Sans nul doute, le public va s’approprier ce film qui se fera le point de départ de ferventes discussions sur cette part de l’histoire du Pays Basque dont les plaies ne sont pas encore refermées.
Angle mort
Le réalisateur, qui ne souhaitait pas faire un documentaire, a opté pour un angle particulier, celui des rapports entre la Justice, l’Etat, les journalistes et les pressions que ces derniers subissent dans leurs investigations dans les secrets d’Etat.
Certaines scènes des attentats perpétrés par le Groupe Antiterroriste de Libération vont rappeler aux spectateurs l’ambiance oppressante de l’époque.

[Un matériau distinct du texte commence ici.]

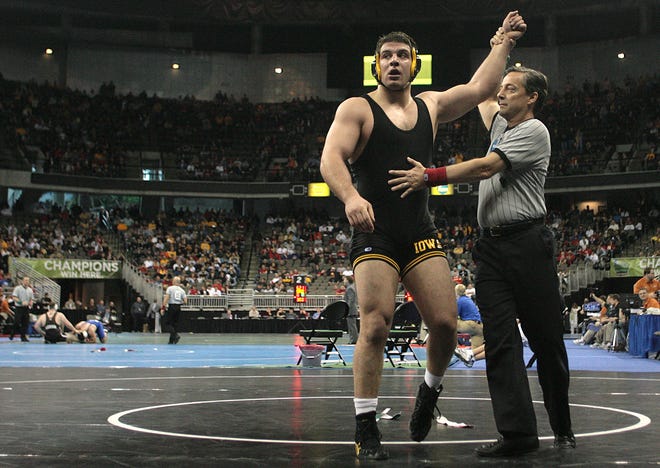 Iowa's Daniel Erekson has his arm raised after defeating Central Michigan's Jarod Trice in their 285-pound match for seventh place during the 2010 NCAA Wrestling Championships in Omaha.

De par quelques longueurs, le film retranscrit par ailleurs les zones d’ombre persistantes sur une affaire qui n’est encore pas aujourd’hui élucidée.
Les discussions amorcées seront alors bienvenues dans ce que l’on appelle le "devoir de mémoire", que la société civile basque - et plus si affinités - se doit de conserver comme partie prenante de son histoire.
Loin d’être une vérité générale ou un hommage aux victimes, la production a le mérite d’ouvrir la "voix" et de réveiller les mémoires.
Via les écrans et plus de 20 ans après le début des faits, les vieux démons de la "guerre sale" resurgissent dans le milieu militant encore meurtri par ces durs souvenirs mais aussi des méthodes actuelles de répression.
Miguel Courtois, qui semble faire du problème politique basque un sujet de prédilection, aura matière à traiter le tumulte politico-répressif des Etats dans de prochaines mises en scène.
L’exposition de photos d’époque de Daniel Velez au Bar Battela vient compléter de manière percutante l’actualité des années 80.